Street Market provides tenants with an entry-level into shopping center renting. In 2020, we launched a flexible partnership model based on turnover rent options, which gives our tenants a complete range of rental options—traders can book a space by the week, month or year. The diversity in our marketplaces helps create an ecosystem of brands that support our existing retailers, draw shoppers in, and increase the amount of time they spend there. There’s always something new and interesting—every day the mix changes, to the surprise and delight of shoppers.

In April 2021, we created a new, curated High Street that we call Kingland, in Poole, a town in the south of England. There we set out to champion 10 local Dorset-based independents, offering them free or very low rent for the first two years. The startups needed to have diverse offerings that would appeal to many different types of consumers. We chose a fishmonger, coffee roaster, design studio, surfboard shop, zero waste grocery store, art gallery, gin bar, home interiors specialist, restored secondhand furniture shop, and perfumier. One of our tenants told the New York Times, “I don’t think I would have even considered it, because the high street was dead and they needed to bring in everybody at once.”

It seems to be working. Since the launch of Kingland, the new High Street is contributing additional footfall that is 10 percent ahead of the national benchmark. The street has also created 31 new jobs for local people.

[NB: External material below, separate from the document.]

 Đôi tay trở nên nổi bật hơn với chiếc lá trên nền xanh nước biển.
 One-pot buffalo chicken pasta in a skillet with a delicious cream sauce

Retail Landlords Need to Become Curators and Mentors
This new approach to retail has prompted a massive shift in our role as a landlord. Landlords’ historical role as the bean counters and "librarians" of space has been static, mainly leasing, collecting rent, and cleaning spaces. However, responding to consumer demand, this role has shifted to editor, curating content that relates to the customer.

Shopping centers often get two things wrong: curating the customer journey, and connecting one end of the shopping center to the other, visually and spatially. While we’ve spoken about presenting a diverse and interesting mix, it’s equally important to pay close attention to the public corridors of a shopping center, which historically have been left to pure, ugly functionality. 

Online retail stresses the figurative path to purchase and customer journey, but in physical retail the path is tangible and real, critically providing links and connections between retail units.

Of necessity this means the death of sterile, inward-looking, cookie-cutter retail environments that are no longer relevant. With the demise of several major UK department stores in recent years, the traditional large-format store as an anchor for shopping centers is no longer solely drawing shoppers in. Now customers need to have multiple reasons to visit, shop, work, connect, and hang out.

Launched in September 2021, the Beacon Center in Eastbourne, on the south shore of England, has become a true community hub. By activating the spine between existing retail units, this public space can be used for programming around play, relaxing, work and networking. It’s exciting to see this change in the rhythm of our shopping center offering—we’ve seen footfall increase by 10 percent in the new public zones.

We believe that great public realm can become the anchor of tomorrow. It’s not only the thread that spatially connects the key components of a retail asset but also is a space in its own right, where people can interact and engage. Our new model aims to bring the landlord into the heart of the community to make a positive difference—and in doing so, the tenant and the consumer become vital, interactive elements of a positive social experience.